#### [TASK TO COMPLETE]
Reproduce from the records below, with no pictures, exactly the lines between the one containing "Vela flor de invierno Vela Tokyo bloom" and the one containing "Concorde dort 绘画, 15.8x19.7 in", inclusive.

*** EXERCISE DATA ***

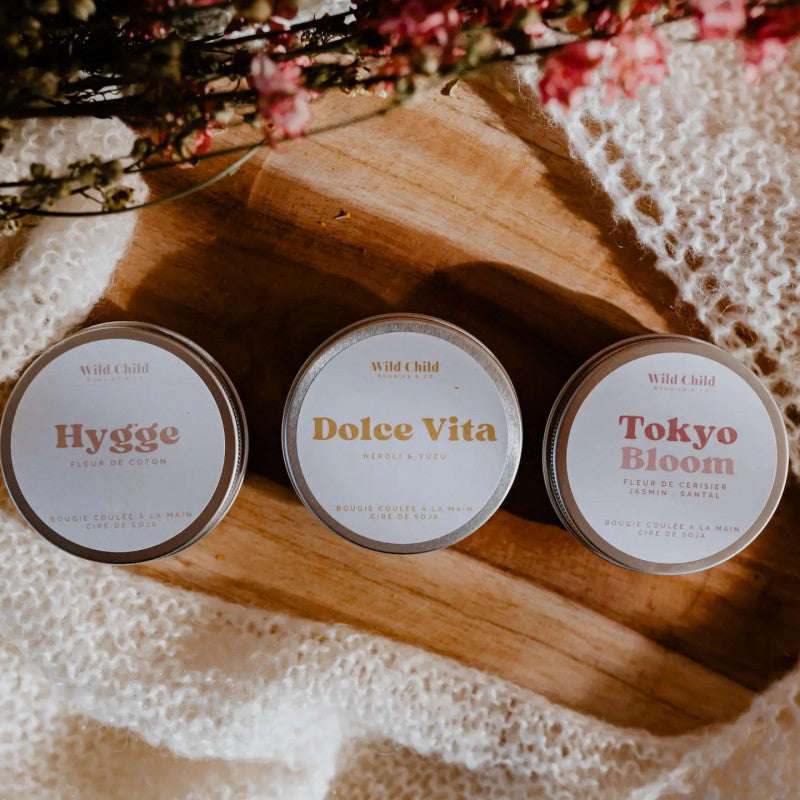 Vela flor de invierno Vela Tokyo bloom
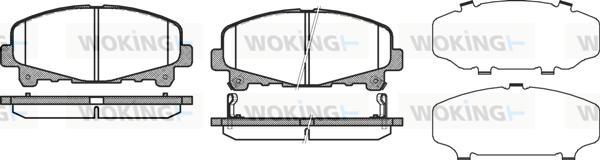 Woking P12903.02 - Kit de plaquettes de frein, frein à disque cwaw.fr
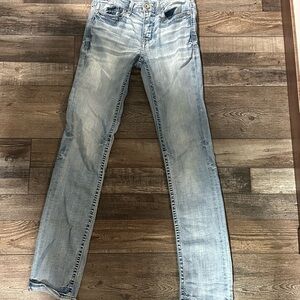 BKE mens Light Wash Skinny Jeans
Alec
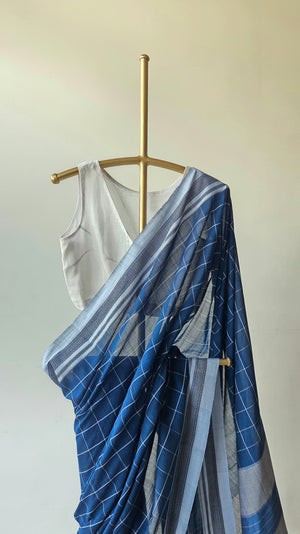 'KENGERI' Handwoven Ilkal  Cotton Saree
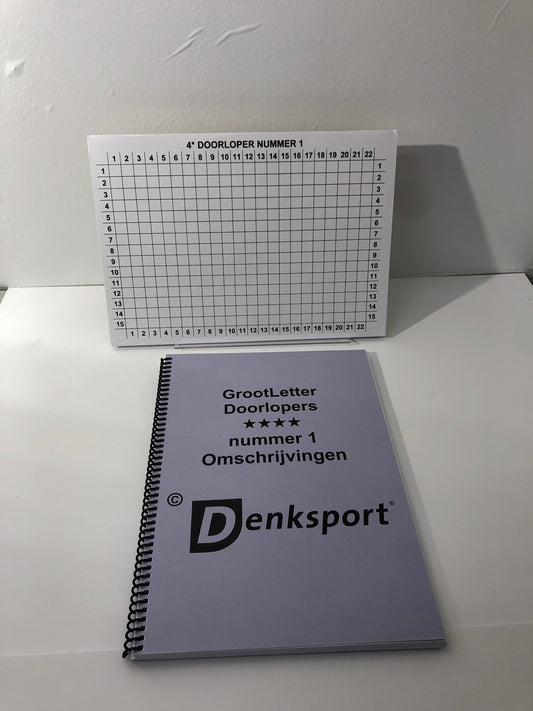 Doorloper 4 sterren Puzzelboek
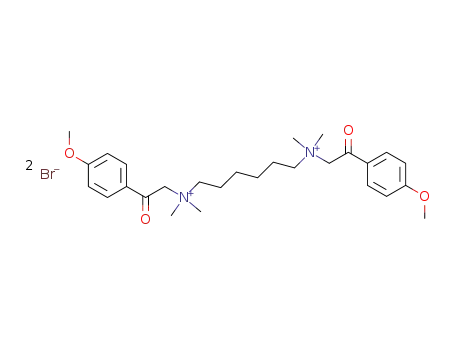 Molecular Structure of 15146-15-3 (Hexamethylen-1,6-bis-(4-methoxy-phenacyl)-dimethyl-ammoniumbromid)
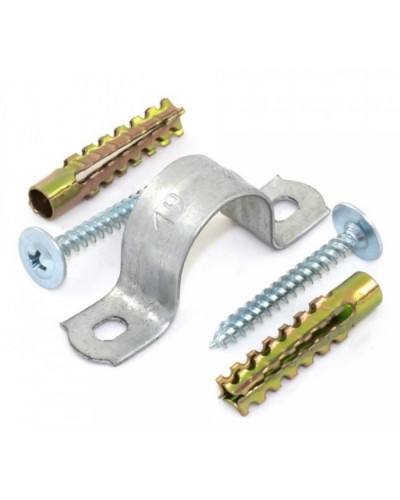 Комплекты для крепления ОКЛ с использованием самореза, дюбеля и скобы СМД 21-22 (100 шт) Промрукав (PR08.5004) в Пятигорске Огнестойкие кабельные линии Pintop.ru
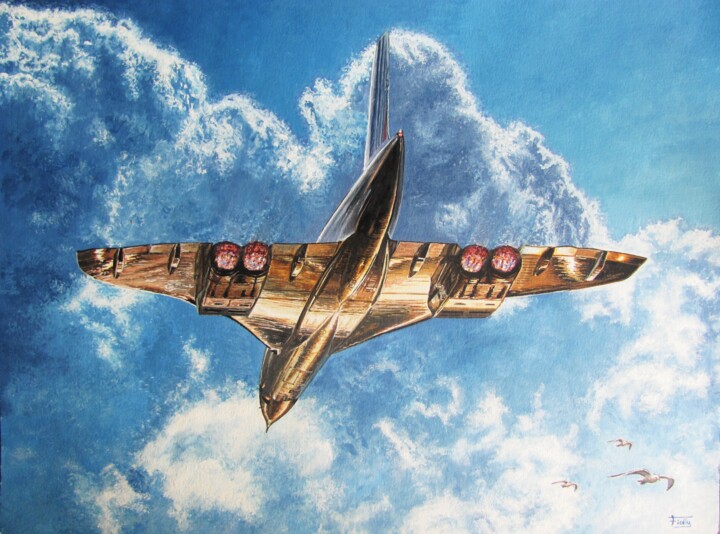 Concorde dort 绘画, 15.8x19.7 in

*** End of EXERCISE DATA ***
*** EXERCISE DATA ***

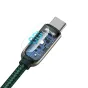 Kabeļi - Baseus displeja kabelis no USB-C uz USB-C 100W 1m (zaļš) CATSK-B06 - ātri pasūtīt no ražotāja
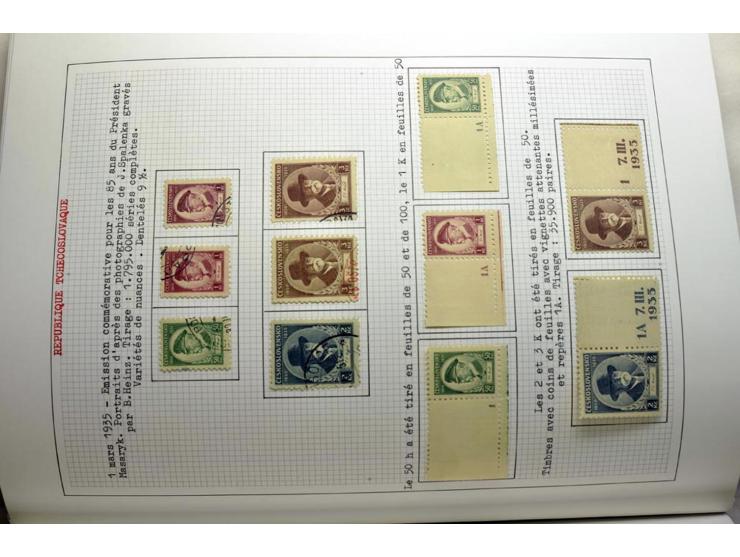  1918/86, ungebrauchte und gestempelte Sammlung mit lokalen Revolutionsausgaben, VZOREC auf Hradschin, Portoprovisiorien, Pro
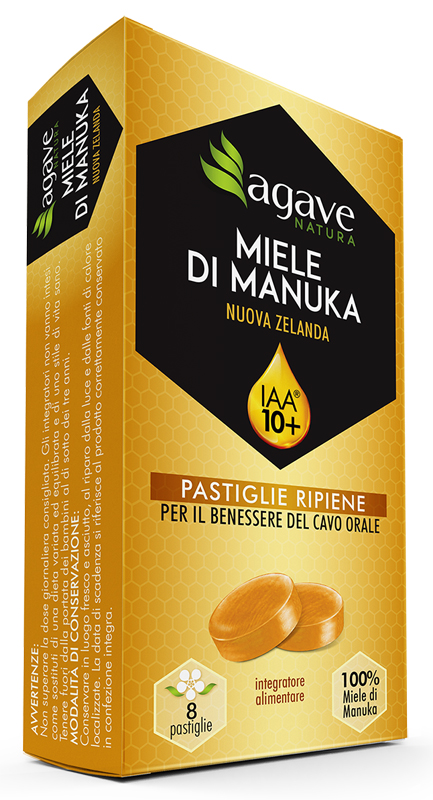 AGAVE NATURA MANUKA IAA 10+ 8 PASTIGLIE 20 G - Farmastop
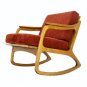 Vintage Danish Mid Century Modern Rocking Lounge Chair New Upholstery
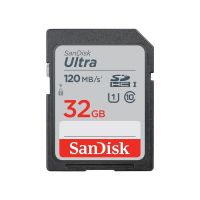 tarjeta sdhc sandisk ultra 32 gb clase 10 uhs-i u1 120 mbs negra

*** End of EXERCISE DATA ***

#### [RESPONSE]
 Vela flor de invierno Vela Tokyo bloom
 Woking P12903.02 - Kit de plaquettes de frein, frein à disque cwaw.fr
 BKE mens Light Wash Skinny Jeans
Alec
 'KENGERI' Handwoven Ilkal  Cotton Saree
 Doorloper 4 sterren Puzzelboek
 Molecular Structure of 15146-15-3 (Hexamethylen-1,6-bis-(4-methoxy-phenacyl)-dimethyl-ammoniumbromid)
 Комплекты для крепления ОКЛ с использованием самореза, дюбеля и скобы СМД 21-22 (100 шт) Промрукав (PR08.5004) в Пятигорске Огнестойкие кабельные линии Pintop.ru
 Concorde dort 绘画, 15.8x19.7 in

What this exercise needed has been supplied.